Saturday, April 09, 2011

Ballzance at the Washington Post

Dan Ballz* feels the need to spread the blame for Congressional disfunction so he wrote
President Obama and the Democrats have themselves to blame for being in this predicament. Had they done their jobs last year, when Democrats had ample majorities in the House and Senate, the government would have been funded for the current fiscal year before Republicans assumed control of the House.


His claim that Democrats had ample majorities is false. Given the Republican obstructionism, an ample majority in the Senate is 60 or more. 59 is not an ample majority. The Democrats could not have passed a budget without at least one Republican vote for cloture. There was no way to obtain that vote (short of maybe kidnapping a close relative of a Republican Senator -- I should have typed no legal way of obtaining that vote).

Balz knows this perfectly well. However, he must be Ballanced, so he chose to lie.

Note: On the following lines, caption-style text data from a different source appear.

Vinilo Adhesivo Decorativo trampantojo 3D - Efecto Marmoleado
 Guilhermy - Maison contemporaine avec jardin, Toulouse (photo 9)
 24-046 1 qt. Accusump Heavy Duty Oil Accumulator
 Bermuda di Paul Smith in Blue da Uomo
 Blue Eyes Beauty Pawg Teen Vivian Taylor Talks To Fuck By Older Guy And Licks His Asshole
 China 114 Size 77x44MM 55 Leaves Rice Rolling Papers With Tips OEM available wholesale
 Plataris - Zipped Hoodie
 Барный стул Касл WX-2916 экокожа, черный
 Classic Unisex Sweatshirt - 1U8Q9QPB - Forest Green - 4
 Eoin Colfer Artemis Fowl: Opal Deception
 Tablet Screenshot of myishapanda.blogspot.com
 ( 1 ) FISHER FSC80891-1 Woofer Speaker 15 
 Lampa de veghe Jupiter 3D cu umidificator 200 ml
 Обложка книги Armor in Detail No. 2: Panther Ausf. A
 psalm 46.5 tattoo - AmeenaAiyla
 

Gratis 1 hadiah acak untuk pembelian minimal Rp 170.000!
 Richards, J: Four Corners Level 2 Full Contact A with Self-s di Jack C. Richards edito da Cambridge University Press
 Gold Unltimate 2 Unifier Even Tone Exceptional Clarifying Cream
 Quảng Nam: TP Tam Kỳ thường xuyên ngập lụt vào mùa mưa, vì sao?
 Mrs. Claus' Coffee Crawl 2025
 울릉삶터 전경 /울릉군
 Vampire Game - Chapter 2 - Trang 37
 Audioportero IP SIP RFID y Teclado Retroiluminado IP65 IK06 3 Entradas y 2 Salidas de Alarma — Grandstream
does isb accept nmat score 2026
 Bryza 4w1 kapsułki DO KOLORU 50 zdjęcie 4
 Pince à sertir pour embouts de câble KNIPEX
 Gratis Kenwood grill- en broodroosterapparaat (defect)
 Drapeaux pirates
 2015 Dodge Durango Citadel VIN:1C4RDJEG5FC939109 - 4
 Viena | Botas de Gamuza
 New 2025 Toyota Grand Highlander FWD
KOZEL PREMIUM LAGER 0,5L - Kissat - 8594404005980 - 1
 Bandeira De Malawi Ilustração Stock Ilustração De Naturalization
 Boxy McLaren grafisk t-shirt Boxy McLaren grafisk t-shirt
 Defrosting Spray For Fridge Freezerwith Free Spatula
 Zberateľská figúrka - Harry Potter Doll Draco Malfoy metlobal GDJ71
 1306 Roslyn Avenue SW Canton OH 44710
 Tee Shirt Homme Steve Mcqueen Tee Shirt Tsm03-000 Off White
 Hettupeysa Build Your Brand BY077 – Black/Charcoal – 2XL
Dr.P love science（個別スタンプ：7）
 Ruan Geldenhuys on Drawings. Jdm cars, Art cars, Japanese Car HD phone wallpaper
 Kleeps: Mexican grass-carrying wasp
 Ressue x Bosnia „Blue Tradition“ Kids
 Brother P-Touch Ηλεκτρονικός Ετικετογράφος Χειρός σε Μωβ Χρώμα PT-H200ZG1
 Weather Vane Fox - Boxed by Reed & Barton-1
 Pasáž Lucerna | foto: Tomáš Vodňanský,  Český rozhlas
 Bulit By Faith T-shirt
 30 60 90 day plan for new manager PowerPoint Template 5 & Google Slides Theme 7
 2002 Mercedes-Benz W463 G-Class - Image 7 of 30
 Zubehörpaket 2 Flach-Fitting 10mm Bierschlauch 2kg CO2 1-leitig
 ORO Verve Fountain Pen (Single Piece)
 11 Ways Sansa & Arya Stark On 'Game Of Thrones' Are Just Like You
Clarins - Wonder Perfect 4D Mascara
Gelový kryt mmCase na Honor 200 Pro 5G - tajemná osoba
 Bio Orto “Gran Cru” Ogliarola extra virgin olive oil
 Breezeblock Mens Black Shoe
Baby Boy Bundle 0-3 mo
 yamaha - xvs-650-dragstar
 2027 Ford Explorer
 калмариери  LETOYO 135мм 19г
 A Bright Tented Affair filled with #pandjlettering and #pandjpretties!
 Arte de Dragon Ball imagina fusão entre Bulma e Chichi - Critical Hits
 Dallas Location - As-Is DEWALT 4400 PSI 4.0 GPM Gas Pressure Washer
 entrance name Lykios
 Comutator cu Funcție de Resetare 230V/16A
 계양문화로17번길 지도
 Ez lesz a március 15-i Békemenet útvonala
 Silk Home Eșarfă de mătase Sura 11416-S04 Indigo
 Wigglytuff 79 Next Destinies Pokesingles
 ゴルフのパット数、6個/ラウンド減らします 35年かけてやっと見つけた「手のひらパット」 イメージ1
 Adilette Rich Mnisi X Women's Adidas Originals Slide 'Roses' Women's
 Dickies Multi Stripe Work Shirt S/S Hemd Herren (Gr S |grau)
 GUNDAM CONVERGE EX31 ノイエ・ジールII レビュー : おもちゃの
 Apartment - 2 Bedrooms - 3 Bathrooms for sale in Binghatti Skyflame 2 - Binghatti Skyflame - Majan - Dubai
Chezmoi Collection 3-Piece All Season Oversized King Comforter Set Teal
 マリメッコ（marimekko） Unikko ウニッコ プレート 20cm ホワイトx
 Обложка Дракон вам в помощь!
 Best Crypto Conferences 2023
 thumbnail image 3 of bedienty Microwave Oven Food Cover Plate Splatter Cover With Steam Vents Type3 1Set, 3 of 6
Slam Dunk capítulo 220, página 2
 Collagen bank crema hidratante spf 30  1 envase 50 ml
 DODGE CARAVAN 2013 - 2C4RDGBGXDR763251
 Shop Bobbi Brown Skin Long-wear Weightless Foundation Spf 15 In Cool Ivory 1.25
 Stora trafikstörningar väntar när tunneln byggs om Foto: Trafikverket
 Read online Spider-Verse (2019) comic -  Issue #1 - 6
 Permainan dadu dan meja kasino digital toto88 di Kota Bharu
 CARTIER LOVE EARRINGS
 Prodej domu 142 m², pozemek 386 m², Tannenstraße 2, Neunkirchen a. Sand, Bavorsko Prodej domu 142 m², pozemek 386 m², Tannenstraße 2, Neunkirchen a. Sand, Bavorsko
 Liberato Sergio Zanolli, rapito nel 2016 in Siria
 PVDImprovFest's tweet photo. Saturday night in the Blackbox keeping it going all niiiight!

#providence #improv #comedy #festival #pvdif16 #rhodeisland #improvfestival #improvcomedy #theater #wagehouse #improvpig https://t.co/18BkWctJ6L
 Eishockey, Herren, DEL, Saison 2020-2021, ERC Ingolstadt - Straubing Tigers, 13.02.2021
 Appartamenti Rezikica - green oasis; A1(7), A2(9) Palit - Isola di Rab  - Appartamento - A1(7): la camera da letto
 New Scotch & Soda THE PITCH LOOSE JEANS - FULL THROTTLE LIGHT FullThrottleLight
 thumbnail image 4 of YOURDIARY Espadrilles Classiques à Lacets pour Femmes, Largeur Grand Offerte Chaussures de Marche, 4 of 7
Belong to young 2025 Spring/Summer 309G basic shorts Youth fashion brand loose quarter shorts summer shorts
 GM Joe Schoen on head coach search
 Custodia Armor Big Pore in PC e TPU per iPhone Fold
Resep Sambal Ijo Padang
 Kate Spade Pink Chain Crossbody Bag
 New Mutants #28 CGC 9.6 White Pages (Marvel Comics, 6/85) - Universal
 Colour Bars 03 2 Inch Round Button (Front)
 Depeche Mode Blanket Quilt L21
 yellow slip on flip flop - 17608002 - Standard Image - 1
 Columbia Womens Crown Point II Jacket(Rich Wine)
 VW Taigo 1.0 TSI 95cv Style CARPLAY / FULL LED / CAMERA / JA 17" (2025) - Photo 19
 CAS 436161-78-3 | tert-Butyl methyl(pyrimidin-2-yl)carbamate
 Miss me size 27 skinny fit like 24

I think the interesting point is that everyone who follows the news knows that Balz's claim is false and knows that he must know it. Yet his credibility will not be reduced. It is just agreed when a journalist makes a false claim in order to achieve Ballance then "his remark was not intended to be a factual statement". The fact that Balz knows perfectly well that there was no way that the Democrats could pass a budget last year obviously has (and according to Washington Post journalistic standards should and must have) no effect on his willingness to assert that could and should have passed a budget.

Acting as if the claim was "intended to be a factual statement", is like thinking that, whenever people say goodbye, they mean it as the imperative "God be with you," and therefore must believe that He is at their beck and call.


* I add a second l not in a reference to uh courage or uh leadership ability, but in reference, as usual, to Jack Ballance who was added to a corruption scorecard in a violation of the stated scoring procedure in order to add "balance." I can't let this go, because, while I noticed the positive proof that the Washington Post is willing to contradict itself rather than let the liberal bias of the facts determine its coverage, Josh Marshall blogged it before I did. Worse, Chris Cilizza noted that Ballance - balance pun, when he reported that his article had been butchered by an editor, who he didn't name and who clearly was not fired as a result.